Vinny Finigan

Personal information
- Born: 4 August 1989 (age 36) Oldham, England
- Height: 5 ft 11 in (180 cm)
- Weight: 15 st 2 lb (96 kg)

Playing information
- Position: Wing, Fullback
Club
| Years | Team | Pld | T | G | FG | P |
| 2010–11 | Bradford Bulls | 5 | 4 | 0 | 0 | 16 |
| 2011–13 | Sheffield Eagles | 54 | 25 | 0 | 0 | 100 |
| 2013(loan) | → Dewsbury Rams | 2 | 0 | 0 | 0 | 0 |
| 2014 | Batley Bulldogs | 16 | 5 | 0 | 0 | 20 |
| 2015 | Hunslet Hawks | 14 | 3 | 0 | 0 | 12 |
| 2015(DR) | → Hemel Stags | 2 | 2 | 0 | 0 | 8 |
| 2016–17 | Keighley Cougars | 27 | 14 | 0 | 0 | 56 |
| 2018– | London Skolars | 18 | 10 | 0 | 0 | 40 |
|  | Total | 138 | 63 | 0 | 0 | 252 |
- Source: As of 17 May 2018

= Vinny Finigan =

English rugby league footballer

Vinny Finigan (born ), also known by the nickname of "Fini", is an English professional, rugby league footballer who plays for London Skolars. He is of Irish descent.

==Bradford bulls ==
Vinny Finigan is a product of the Bradford Academy.

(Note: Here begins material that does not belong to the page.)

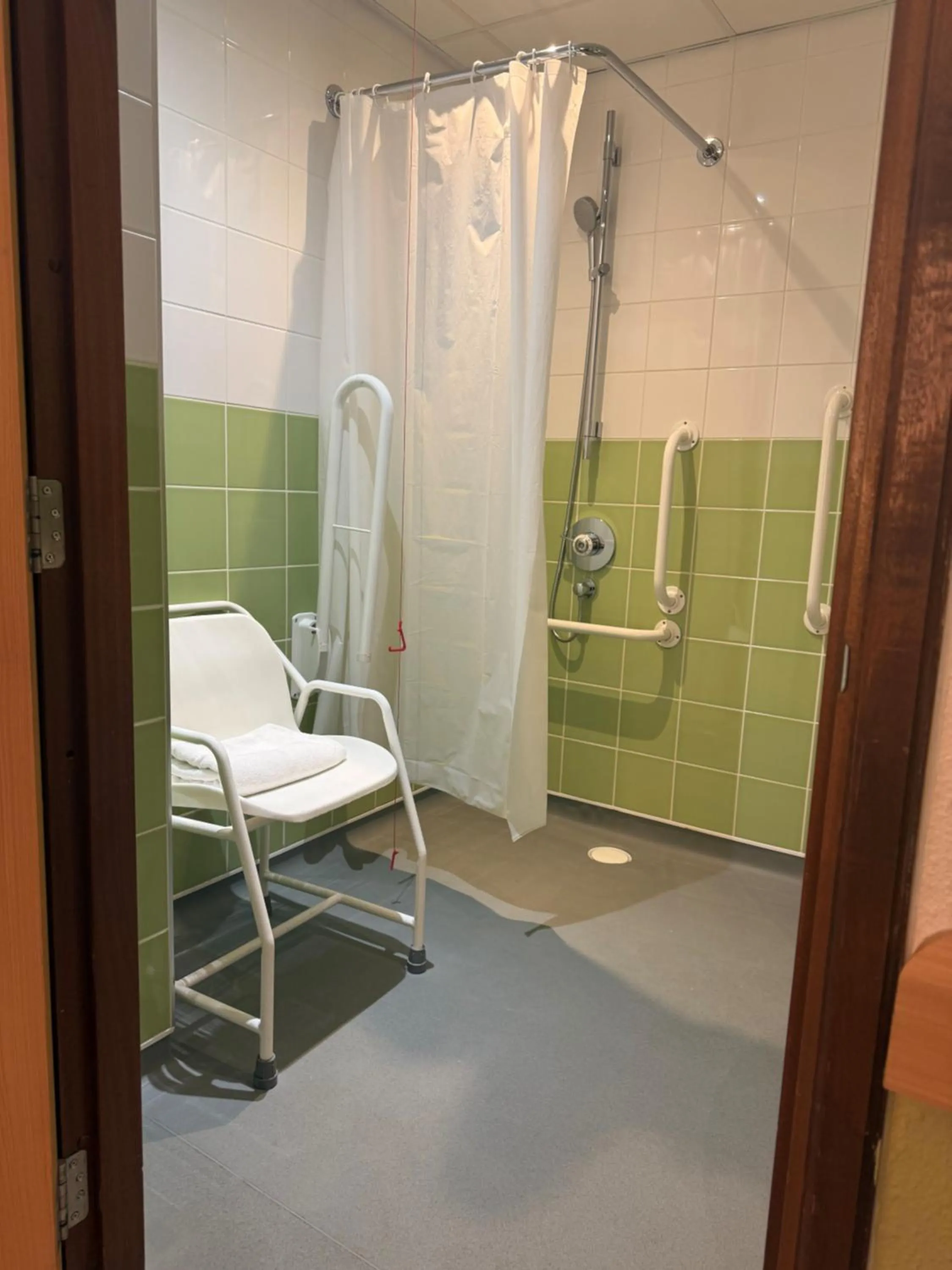 Property building in ibis budget Leeds Centre Crown Point Road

Finigan made his début in Round 22 (Salford) of the 2010 Season on the wing, in place of the injured Stuart Reardon. He played for the rest of the season including Round 27 (Wigan). Finigan scored against Salford (2 tries) and Hull Kingston Rovers (2 tries). At the end of the 2010 season Finigan was given a professional contract keeping him at Bradford for another year.

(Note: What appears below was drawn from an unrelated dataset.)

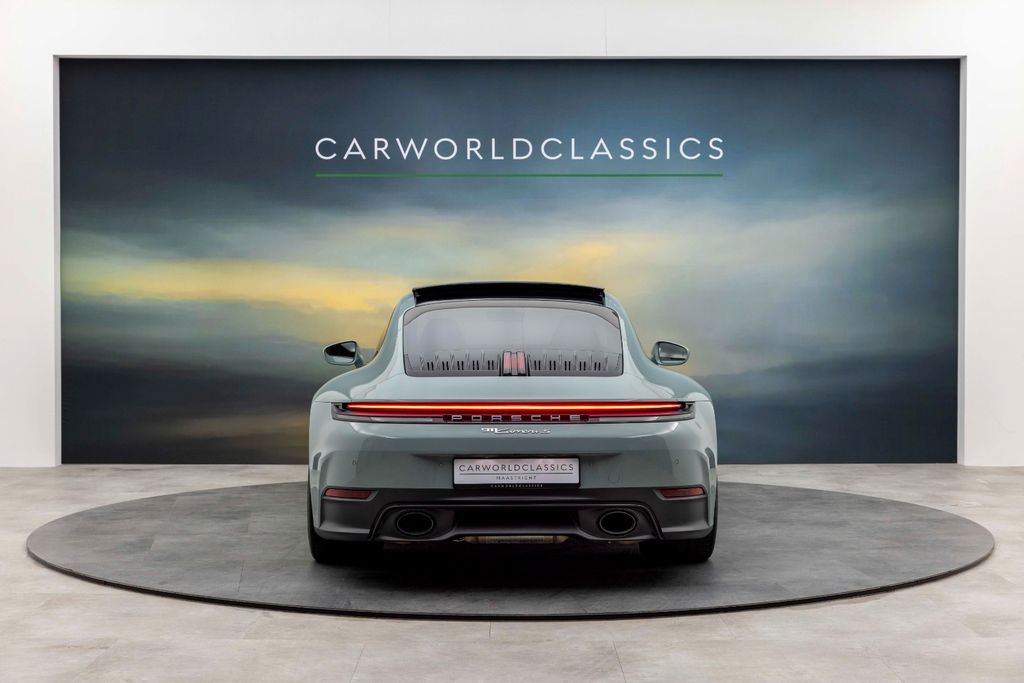Porsche 992 2025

In 2011 Finigan featured in three of the four pre-season games. He played against Halifax, Dewsbury and Keighley. Finigan scored against Dewsbury (2 tries) and Keighley (1 try).

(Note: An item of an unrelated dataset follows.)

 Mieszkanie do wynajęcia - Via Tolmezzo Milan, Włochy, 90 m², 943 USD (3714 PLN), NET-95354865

He was not selected to play in any of the league or cup games this season. Finigan was dual registered with Championship side Sheffield Eagles.

==Sheffield Eagles==
Finigan was released from Bradford and he signed for Championship side Sheffield Eagles on a one-year deal. He signed an extension to his contract at the end of the year and played for two seasons for the Eagles.

==Batley Bulldogs==
After leaving Sheffield at the end of 2013, Finnigan joined Batley for the 2014 season. After a single season he moved to Hunslet Hawks

==Hunslet Hawks==
Three tries in 14 appearances during the 2015 season were all the appearances made by Finnigan for Hunslet as the club were relegated from the Championship to League 1. He also appeared twice for Hemel Stags on loan scoring two tries.

==Keighley Cougars==
Finigan signed for Keighley in October 2015. Scoring 9 tries in 13 games during the 2016 season, he extended his contract for 2017 but was released towards the end of the 2017 season.